Data protection by design and by default are to become essential principles in EU data protection legislation, requiring safeguards to be built into products and services from the earliest stage of development, and privacy default settings to be the norm.
Ustaran dismisses some aspects of the new regulations as naive.
“The EU law is very strict in an old-fashioned way,” he says.
“The idea that people are in control of their data and consent to its use is wishful thinking now. The law should be geared to preventing harm rather than focusing on consent. The reality is that there’s no choice.”
He points out that companies set the terms of which data is requested or how many cookies are dropped on to a user’s web browser – and that there is little discussion with the consumer at that point
“The law should focus on not letting companies abuse the information so that it has a negative impact on you,” he states.
The forthcoming regulations will apply to any company operating in the EU, no matter where in the world it’s based.
Another of the European Commission’s key objectives here is to harmonise the regime across the single market, since not all member states currently define consent in the same way.
The unbounded nature of the internet and data traffic has led to international conflicts concerning information security, of course, with US companies operating in the EU claiming to be governed by a different system.
But there are shared principles across much of the world – with the most notable exception of China – when it comes to notice, choice, purpose specification, data minimisation and data protection.
“In the US, personal information is an asset – one can extract economic value from it and it can be exploited.
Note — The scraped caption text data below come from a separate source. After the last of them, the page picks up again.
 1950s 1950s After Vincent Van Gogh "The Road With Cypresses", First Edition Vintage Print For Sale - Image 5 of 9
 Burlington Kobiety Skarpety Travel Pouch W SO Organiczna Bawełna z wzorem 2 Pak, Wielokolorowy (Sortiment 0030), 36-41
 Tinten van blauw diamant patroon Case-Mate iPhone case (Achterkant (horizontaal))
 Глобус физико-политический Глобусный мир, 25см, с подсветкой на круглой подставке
In the EU, personal information is a human right that has to be protected.
That means the US legal approach is to ask: ‘What is the financial damage?’
The EU approach, on the other hand, is to consider the impact on an individual’s privacy,” Ustaran explains.
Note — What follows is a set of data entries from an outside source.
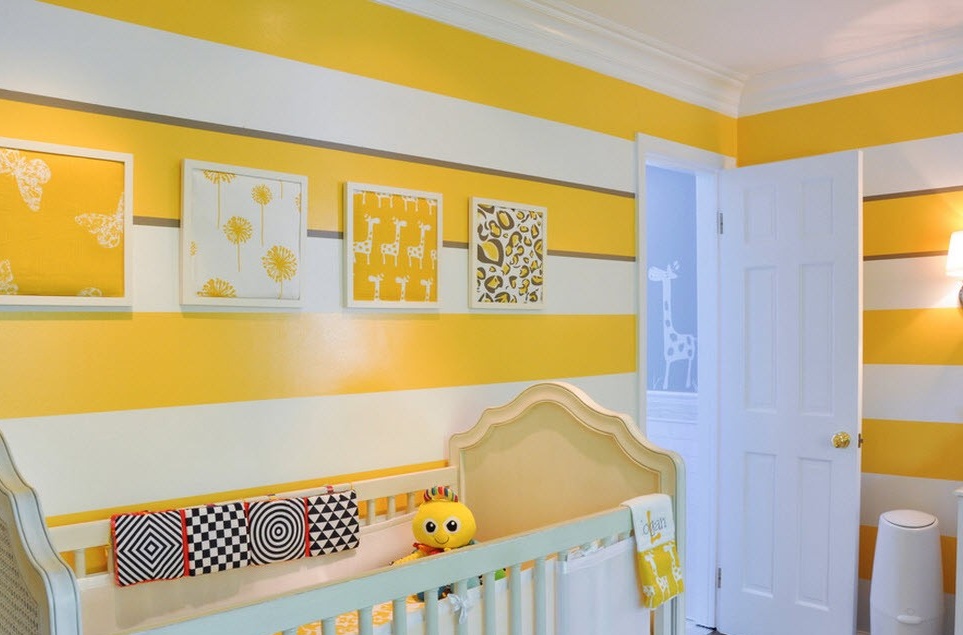 Yellow stripes on a nursery wall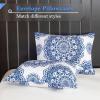 imageAndency Paisley Queen Size Comforter Set Navy  Medallion Damask Comforter Set 3 Pieces 90  90Inch Elegant Vintage Paisley Bed Set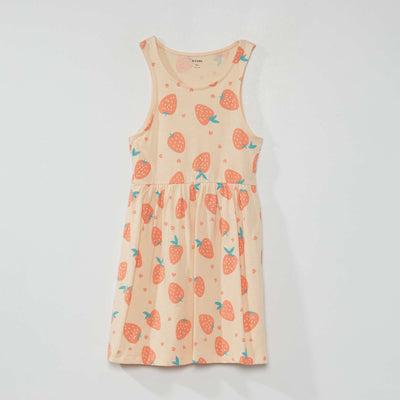Robe sans manches motifs Rose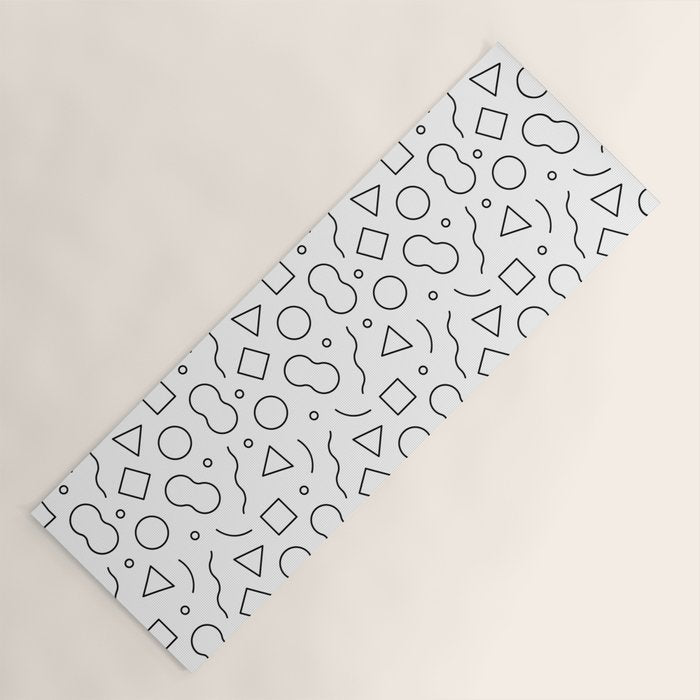 Fun geometric doodle shape art pattern Yoga Mat Gallery Image 1
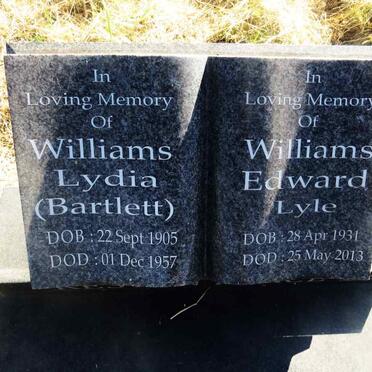 WILLIAMS Lydia nee BARTLETT 1905-1957 :: WILLIAMS Edward Lyle 1931-2013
For instance, using credit card data in the US to target consumers may be acceptable, while in the EU this practice would be treated as using information outside its primary purpose.
Giving the gamers away
Cases of high-profile security breaches abound. Last year, for example, professional networking site LinkedIn was hacked by Russian cyber-criminals.
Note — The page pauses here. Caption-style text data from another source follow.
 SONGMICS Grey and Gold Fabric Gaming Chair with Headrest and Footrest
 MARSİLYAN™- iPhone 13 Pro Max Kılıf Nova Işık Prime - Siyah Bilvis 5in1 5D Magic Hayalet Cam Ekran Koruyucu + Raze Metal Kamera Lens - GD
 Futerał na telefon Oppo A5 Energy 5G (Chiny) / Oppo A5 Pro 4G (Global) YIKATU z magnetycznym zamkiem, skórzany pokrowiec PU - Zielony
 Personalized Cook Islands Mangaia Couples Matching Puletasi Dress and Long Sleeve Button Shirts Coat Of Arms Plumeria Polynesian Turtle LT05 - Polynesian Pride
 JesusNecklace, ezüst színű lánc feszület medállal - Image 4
The year before, Sony PlayStation servers were stripped of passwords, user names and credit card details. As cloud computing and smarter applications develop, companies should start considering the risk of facing class actions from customers claiming that their details have not been properly safeguarded.
The new EU legislation proposes raising the maximum penalty for a company’s failure to protect customer data adequately from €600,000 to up to 2 per cent of its annual worldwide turnover.
Ustaran believes that there “isn’t much risk of a class action at the moment, mainly because in order to sue someone you’ll need to claim that you have suffered a financial loss and it’s difficult to quantify the value of privacy.
The law should recognise non-financial damage as something to sue for – annoyance in the case of spam, for example.”
Christopher Wolf, partner at US law firm Hogan Lovells, also doubts that legal action against companies for harvesting excessive amounts of data could be successful at present.
“Given the many appropriate contexts for having information, and the presumption that information may be exchanged freely as part of freedom of expression, it would be very hard to enforce such a right,” he says.
With the goalposts constantly shifting as internet technology advances apace, new legislation could become outdated very quickly.
For the moment, EU consumers are promised a few concessions, such as the right to be forgotten and the right to move data. Under the forthcoming rules, they will be able to ask for their data to be deleted immediately, while they will also be allowed to insist that data they provide to one company is removed and transferred to a competitor.
Meanwhile, the European Commission has reversed the burden of proof: in future, companies will have to demonstrate that the data they hold is still needed, rather than the individual proving the reverse.